**Your task:** Word for word, copy the listing below and leave out its images.

**Collected material:**
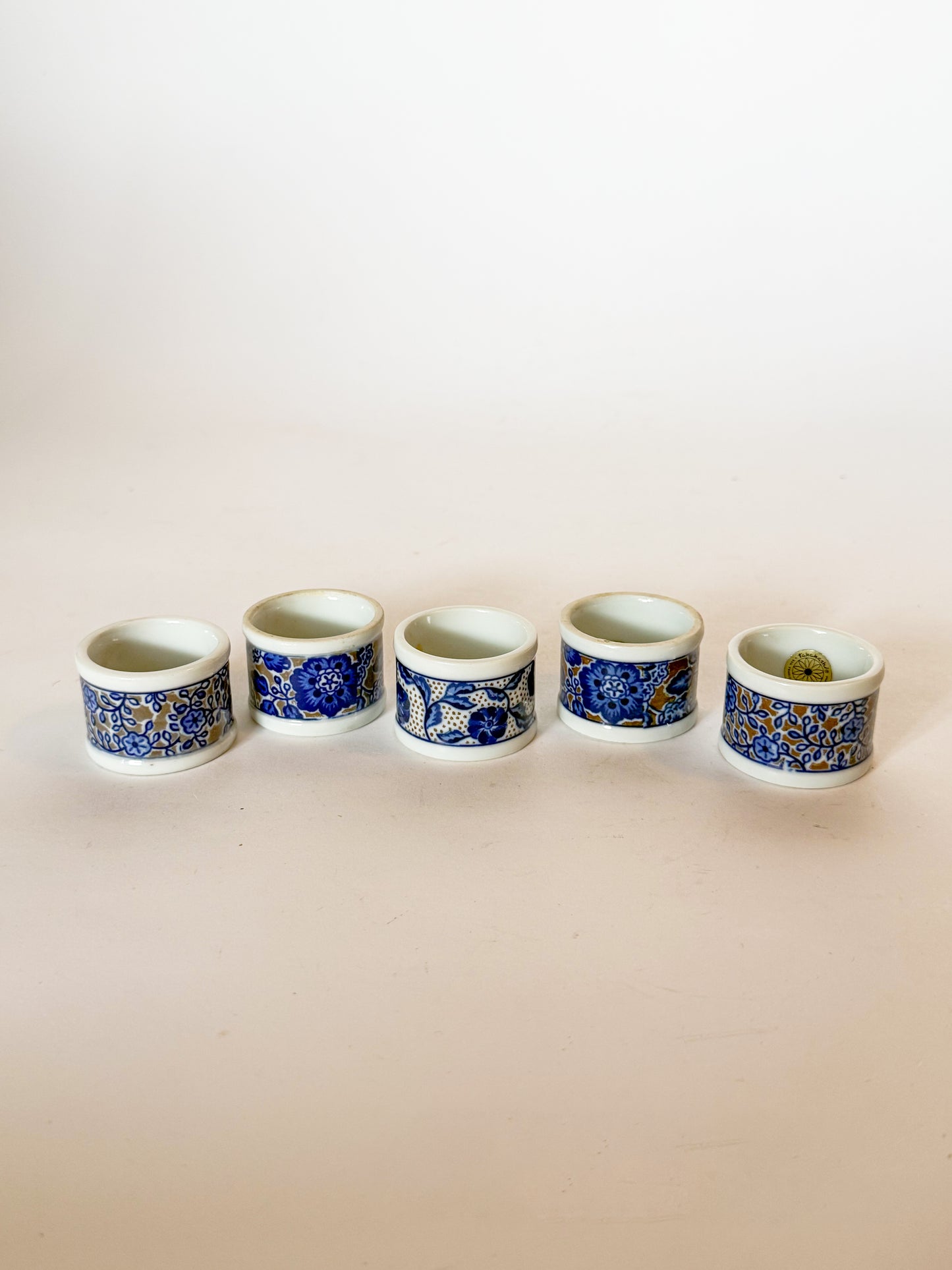 Vintage Takahashi Blue and White Porcelain Napkin Rings, Set of 5.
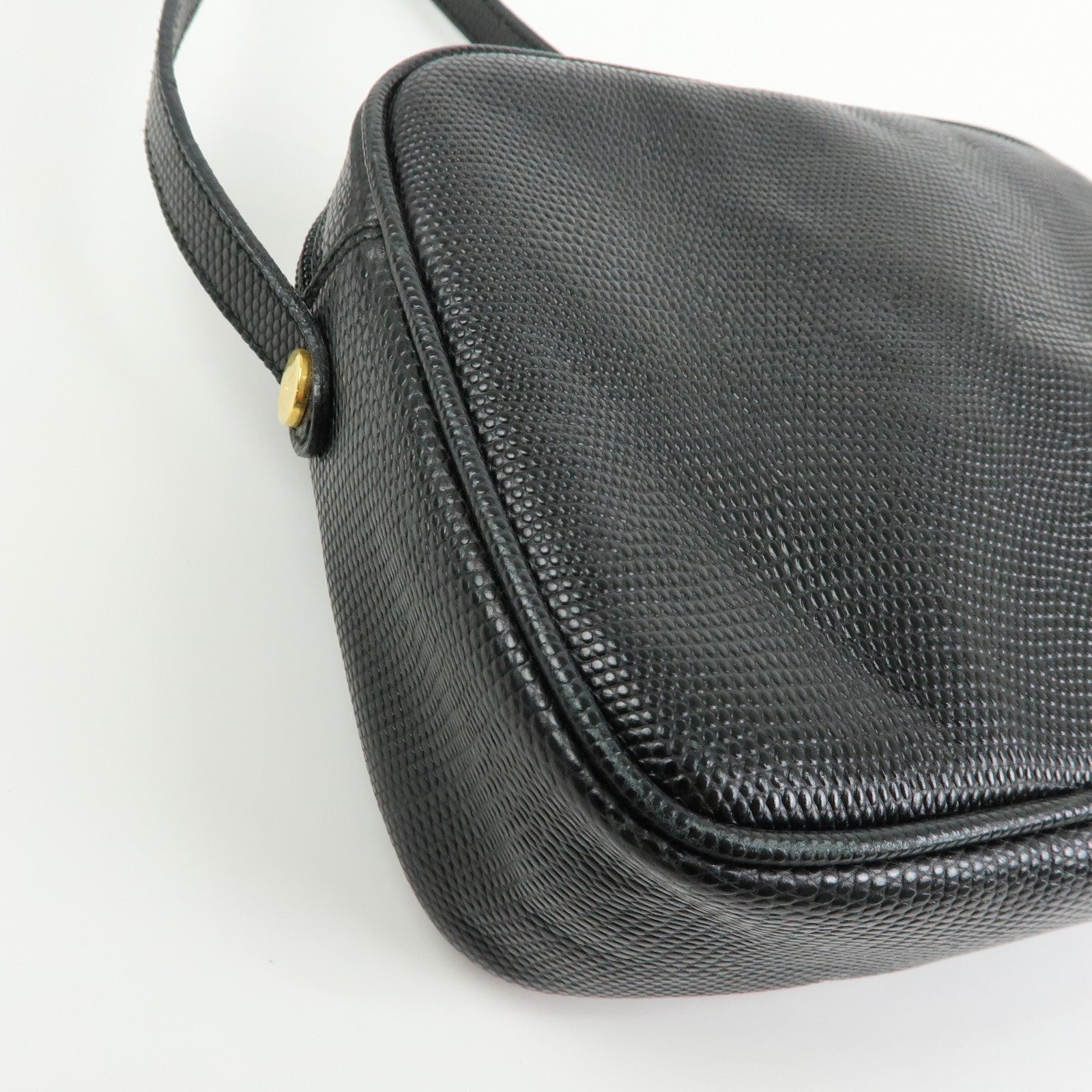 Ferragamo Varra Embossed Leather Shoulder Bag Crossbody Bag Black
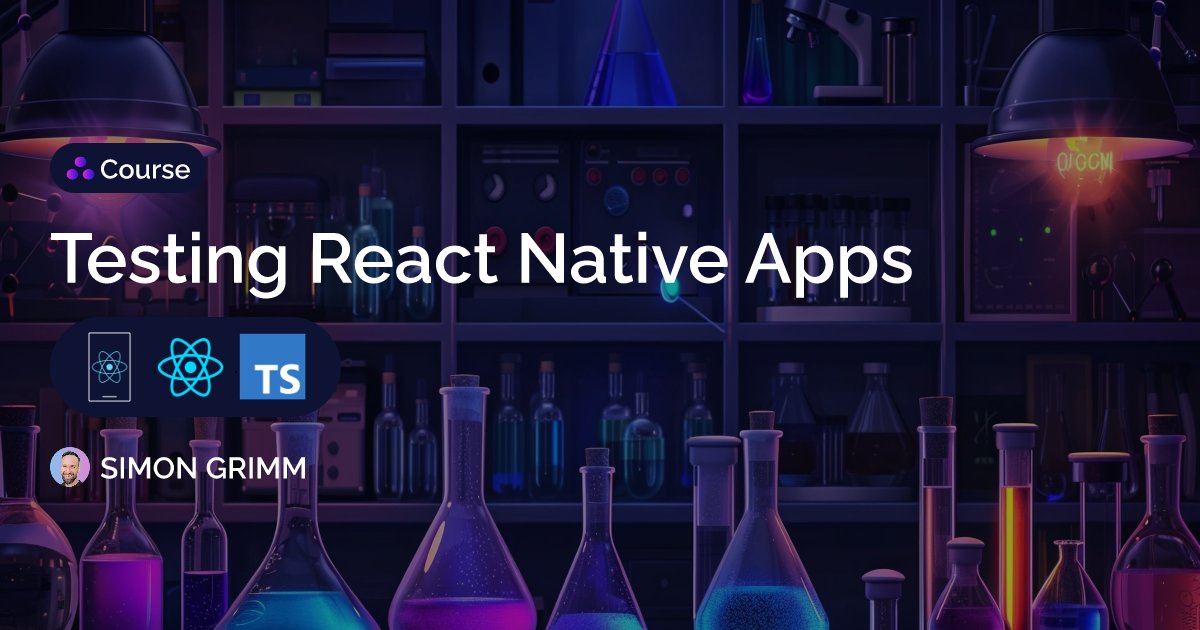 New Course: Testing React Native Apps 🧪 Learn the essentials for testing your @reactnative app: 💪 Setting up test cases and suites 👀 Snapshot tests 🔥 React Native Testing Library 🧑‍💻 Testing User Events 🌐 Mocking Fetch Requests and Modules 📊 Code Coverage Reports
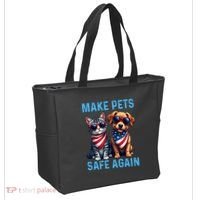 Make Pets Safe Again Funny Donald Trump They Are Eating The Dogs Tote Bag thumb 2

**Solved problem:**
 Vintage Takahashi Blue and White Porcelain Napkin Rings, Set of 5.
 Ferragamo Varra Embossed Leather Shoulder Bag Crossbody Bag Black
 New Course: Testing React Native Apps 🧪 Learn the essentials for testing your @reactnative app: 💪 Setting up test cases and suites 👀 Snapshot tests 🔥 React Native Testing Library 🧑‍💻 Testing User Events 🌐 Mocking Fetch Requests and Modules 📊 Code Coverage Reports
 Make Pets Safe Again Funny Donald Trump They Are Eating The Dogs Tote Bag thumb 2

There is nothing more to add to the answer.